Records contained in a dataset
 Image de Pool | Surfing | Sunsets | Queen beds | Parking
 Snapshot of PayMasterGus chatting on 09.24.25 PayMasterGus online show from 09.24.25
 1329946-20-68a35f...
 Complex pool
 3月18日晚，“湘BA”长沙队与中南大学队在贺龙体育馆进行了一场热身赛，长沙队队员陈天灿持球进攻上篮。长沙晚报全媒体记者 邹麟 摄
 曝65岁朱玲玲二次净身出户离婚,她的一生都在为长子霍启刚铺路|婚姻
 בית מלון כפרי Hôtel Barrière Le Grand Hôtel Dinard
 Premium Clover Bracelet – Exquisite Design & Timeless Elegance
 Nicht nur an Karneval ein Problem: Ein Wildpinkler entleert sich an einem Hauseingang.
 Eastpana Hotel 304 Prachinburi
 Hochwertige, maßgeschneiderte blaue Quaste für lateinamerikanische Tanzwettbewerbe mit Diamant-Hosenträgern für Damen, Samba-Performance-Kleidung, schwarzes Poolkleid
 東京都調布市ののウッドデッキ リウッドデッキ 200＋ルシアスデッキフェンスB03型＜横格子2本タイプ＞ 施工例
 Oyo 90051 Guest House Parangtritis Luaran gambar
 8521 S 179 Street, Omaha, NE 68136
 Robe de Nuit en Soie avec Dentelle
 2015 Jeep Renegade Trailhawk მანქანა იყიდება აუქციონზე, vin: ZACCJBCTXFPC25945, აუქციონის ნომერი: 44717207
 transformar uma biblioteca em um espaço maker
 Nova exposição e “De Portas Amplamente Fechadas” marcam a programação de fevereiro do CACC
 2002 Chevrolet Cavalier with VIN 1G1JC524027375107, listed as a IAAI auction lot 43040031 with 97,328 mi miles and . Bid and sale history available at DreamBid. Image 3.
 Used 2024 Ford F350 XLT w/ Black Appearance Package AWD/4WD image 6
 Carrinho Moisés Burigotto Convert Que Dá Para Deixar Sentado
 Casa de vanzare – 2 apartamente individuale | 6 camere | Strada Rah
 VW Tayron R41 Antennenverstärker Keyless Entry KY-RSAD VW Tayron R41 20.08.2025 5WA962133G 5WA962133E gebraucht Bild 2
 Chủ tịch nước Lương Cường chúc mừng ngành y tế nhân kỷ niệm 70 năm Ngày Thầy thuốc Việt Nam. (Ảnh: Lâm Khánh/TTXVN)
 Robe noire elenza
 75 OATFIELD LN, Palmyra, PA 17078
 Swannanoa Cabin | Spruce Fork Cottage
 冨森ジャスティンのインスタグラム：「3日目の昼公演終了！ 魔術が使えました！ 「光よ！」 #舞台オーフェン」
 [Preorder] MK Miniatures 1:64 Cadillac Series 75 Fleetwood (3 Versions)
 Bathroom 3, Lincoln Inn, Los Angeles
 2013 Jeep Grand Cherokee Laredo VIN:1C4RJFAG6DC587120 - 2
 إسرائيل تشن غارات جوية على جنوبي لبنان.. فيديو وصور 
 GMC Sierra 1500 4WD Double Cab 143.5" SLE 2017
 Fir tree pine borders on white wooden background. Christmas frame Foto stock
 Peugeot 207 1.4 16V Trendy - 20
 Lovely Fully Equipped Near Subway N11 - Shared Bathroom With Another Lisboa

* **Requirement**: One number should be returned: how many lines in the records contain the word "Jeep".

* **Result**: 2